== Segment start ==

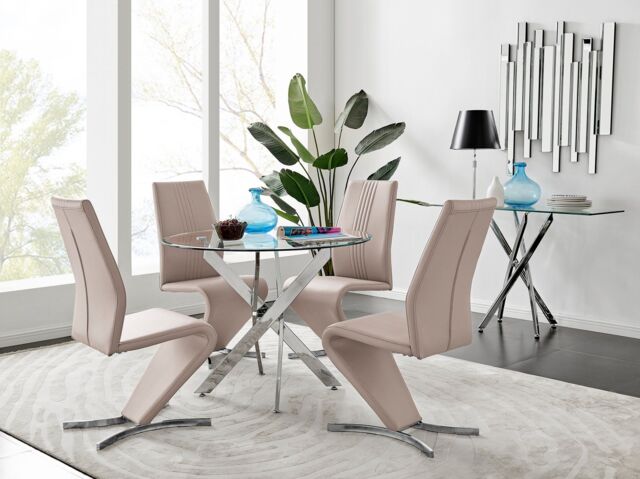 FurnitureboxUK Novara Round 100cm Chrome Metal & Glass Dining Table & 4 Willow Dining Chairs Set in Beige - image 1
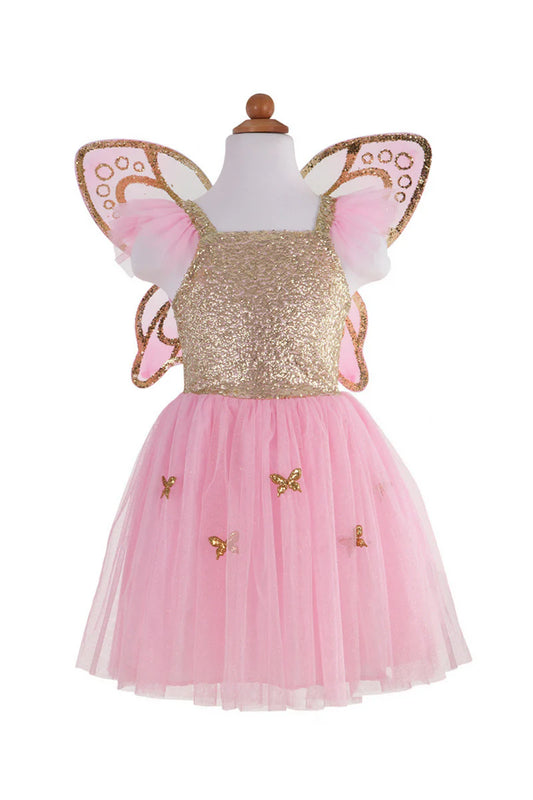 Gold Sequins Butterfly Dress & Wings (5-7 Years)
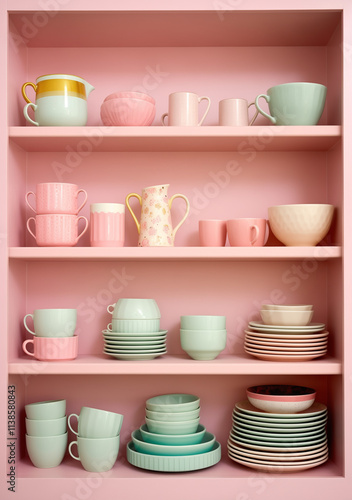 Utensils on the shelf in the kitchen.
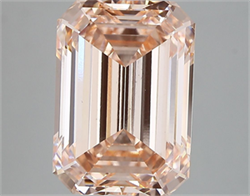 Picture of Lab Grown Diamond 6.40 Carats, Emerald with  Cut, Fancy Intense Pink Color, VS1 Clarity and Certified by IGI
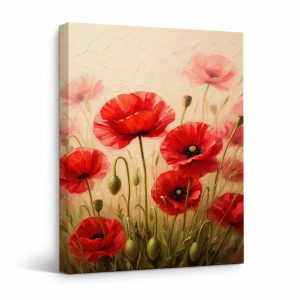Framed Canvas Wall Art: Vibrant Poppies Field Art Print - Ready to Hang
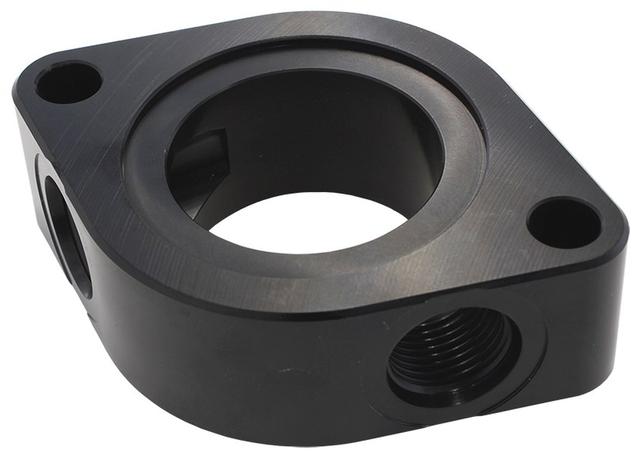 Aeroflow AF64-4051BLK Water Neck Spacer With 2 X -8ORB Aux Port Fits Chev
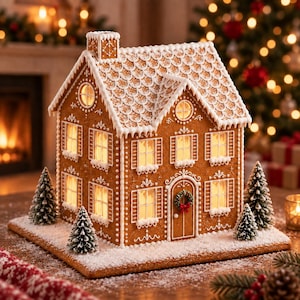 May include: A gingerbread house with white icing details, including a shingled roof, window frames, and a front door with a wreath. The structure is illuminated from within, sits on a snowy base, and is surrounded by four small evergreen trees.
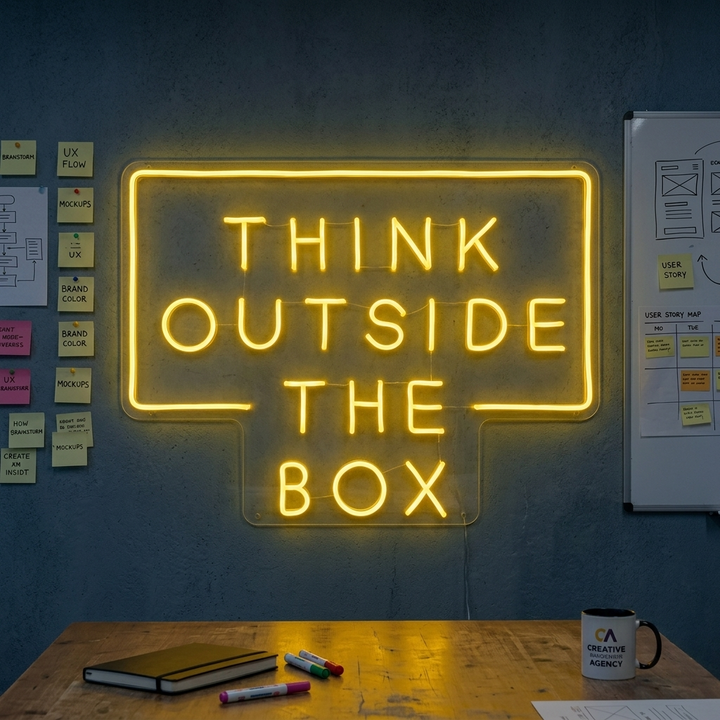 "Think Outside The Box" Neon Verlichting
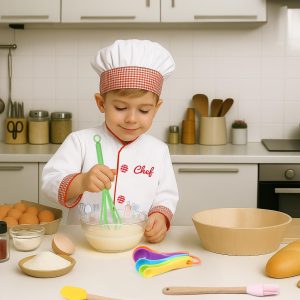 ANPHILE Chef Costume for Kids with Hat – Toddler Chef Outfit Dress Up Clothes Career Day Halloween Costumes for Boys Girls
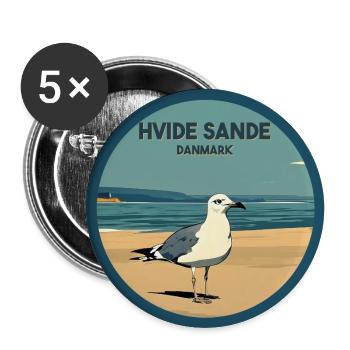 Hvide Sande alternativ Dänemark - Buttons groß 56 mm (5er Pack) - Weiß - Vorne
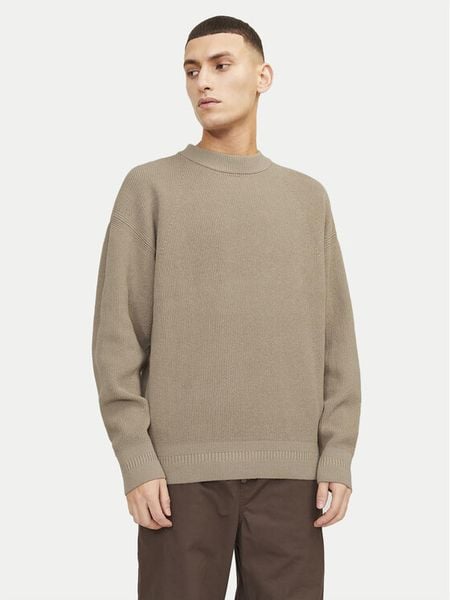 Jack & Jones Sweter 12260041 Beżowy Relaxed Fit. Brązowe kardigany męskie Jack & Jones, m, bez wzorów, z bawełny, bez ramiączek. Za 129.99 zł.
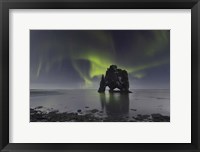 Northern Lights Over Hvitserkur, a Spectacular Rock Formation in Iceland Fine Art Print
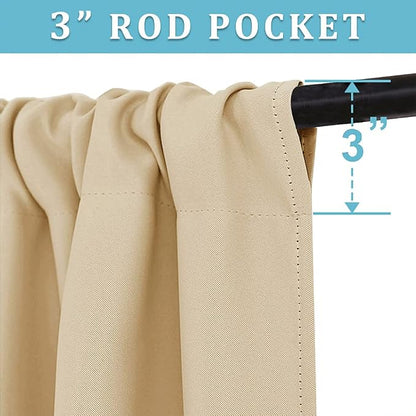RYB HOME Curtains for Bedroom 63 inches Long, W 34 x L 63, Biscotti Beige - Image 2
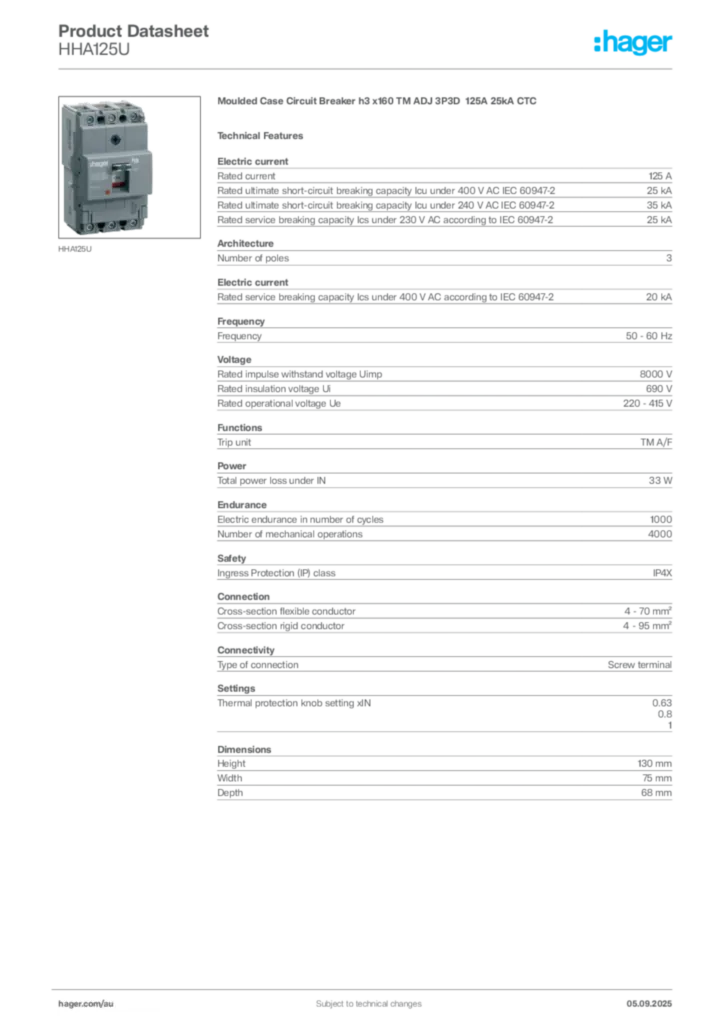 Image Hager Product data sheet HHA125U  | Hager Australia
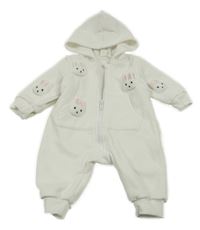 Biela rebrovaná kombinéza s králikmi a kapucňou Shein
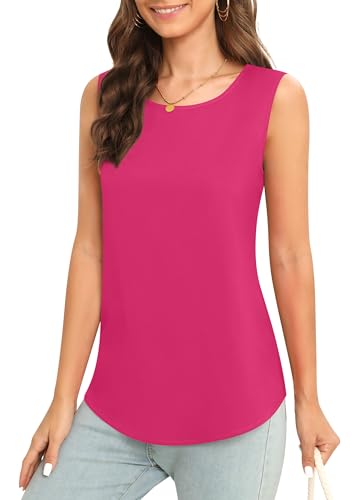 Image of Women's Sleeveless Chiffon Tank Top Business Casual Blouse Tunic Top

== Segment end ==

■ **Directions for this task**
From the line that holds "Hvide Sande alternativ" to the last line of the records, please copy each line exactly and nothing else. Pictures stay out.

■ **Answer to the problem**
 Hvide Sande alternativ Dänemark - Buttons groß 56 mm (5er Pack) - Weiß - Vorne
 Jack & Jones Sweter 12260041 Beżowy Relaxed Fit. Brązowe kardigany męskie Jack & Jones, m, bez wzorów, z bawełny, bez ramiączek. Za 129.99 zł.
 Northern Lights Over Hvitserkur, a Spectacular Rock Formation in Iceland Fine Art Print
RYB HOME Curtains for Bedroom 63 inches Long, W 34 x L 63, Biscotti Beige - Image 2
 Image Hager Product data sheet HHA125U  | Hager Australia
 Biela rebrovaná kombinéza s králikmi a kapucňou Shein
 Image of Women's Sleeveless Chiffon Tank Top Business Casual Blouse Tunic Top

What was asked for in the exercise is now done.